The Consolidated Omnibus Budget Reconciliation Act (COBRA) is a federal law designed to protect employees from having a gap in coverage—due to unemployment or (in some circumstances) the dissolution of a marriage. When one spouse has been the primary health-insurance carrier for both spouses, the disadvantaged spouse may be able to apply for coverage through COBRA—if health insurance is otherwise omitted from the details of your divorce settlement.


What are the eligibility requirements? First, your spouse’s company must employ twenty or more workers. If they are employed by a smaller company, there is the possibility that you will still qualify, but it is dependent on the laws of your state. This type of coverage (called mini-COBRA) has varying rules for eligibility, so be sure to check your state’s laws.

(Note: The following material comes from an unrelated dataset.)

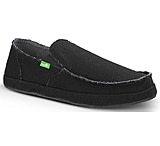 Image of Sanuk Rounder Camp Shoe - Mens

You have to be quick about deciding whether or not you wish to apply for COBRA coverage. If you do not notify the health insurance company within sixty days of the finalization of your divorce, you will not be eligible for temporary coverage.

COBRA coverage can give you a little breathing room. Then you can figure out what comes next in your newly single life. After your divorce is finalized, take some time to research the various health insurance options that are available to you.

COBRA coverage is probably more expensive than you expect.

While temporary healthcare coverage through COBRA may be a great solution for you in the short-term aftermath of your divorce, keep in mind that it will only last for a set period of time. Following the end of your marriage, you are eligible for up to 36 months, which may sound like a long time. However, the cost may be more than you are expecting.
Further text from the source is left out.